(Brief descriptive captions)
+ + + + + + +

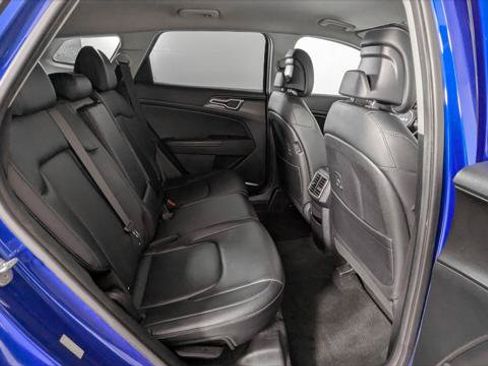 Used 2023 Kia Sportage EX FWD image 17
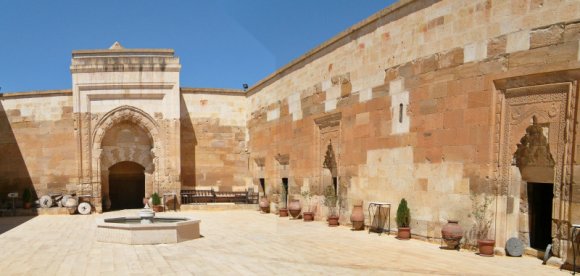 Inside Saruhan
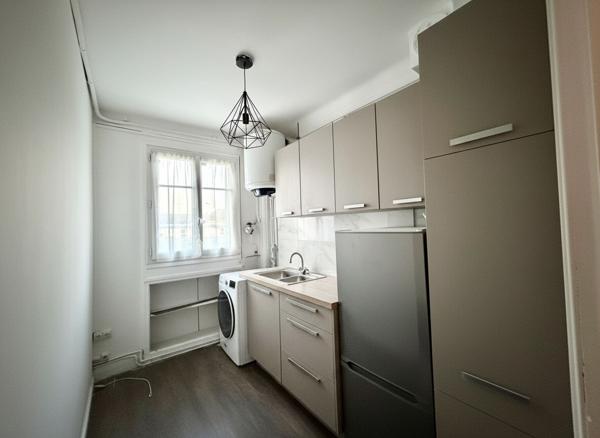 Appartement Chaville Vélizy Studio meublé 24 m2 - Vue dégagée calme proche commodités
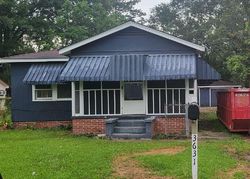 Pre-foreclosure in  WEBB DR Baton Rouge, LA 70805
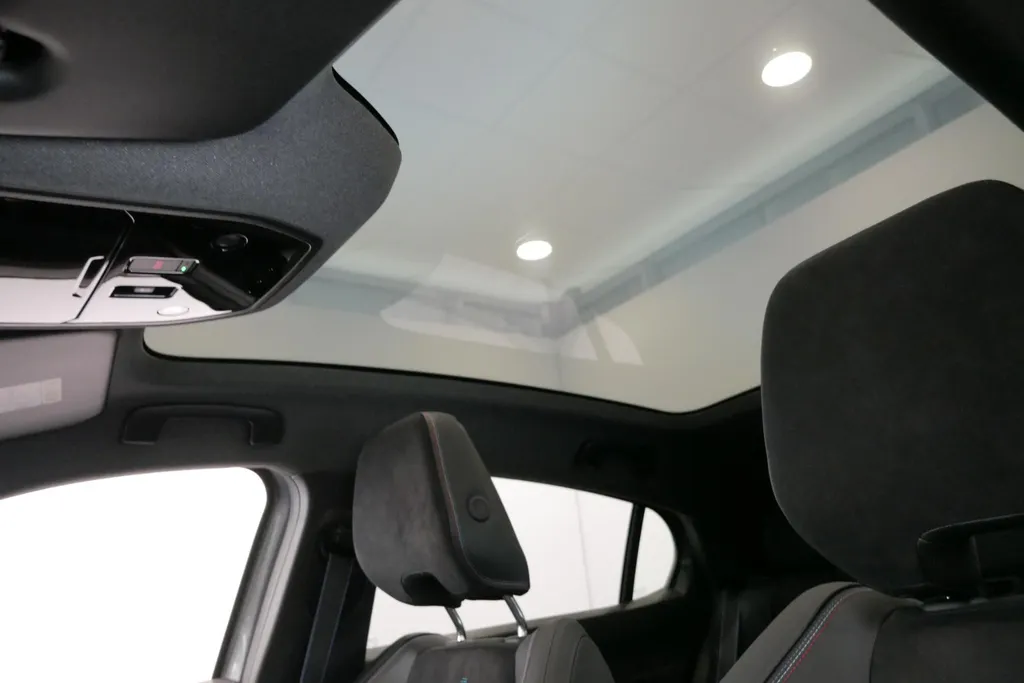 Renault Rafale 1.2 E-Tech full hybrid 200 esprit Alpine | Profiteer nu van €4.000,- Zeeuw & Zeeuw voorraadkorting |Uit voorraad leverbaar! *OP=OP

+ + + + + + +

Write out exactly, and nothing more than, the lines of the entries above from the line containing "Inside Saruhan" through the final line; omit any pictures.

 Inside Saruhan
 Appartement Chaville Vélizy Studio meublé 24 m2 - Vue dégagée calme proche commodités
 Pre-foreclosure in  WEBB DR Baton Rouge, LA 70805
 Renault Rafale 1.2 E-Tech full hybrid 200 esprit Alpine | Profiteer nu van €4.000,- Zeeuw & Zeeuw voorraadkorting |Uit voorraad leverbaar! *OP=OP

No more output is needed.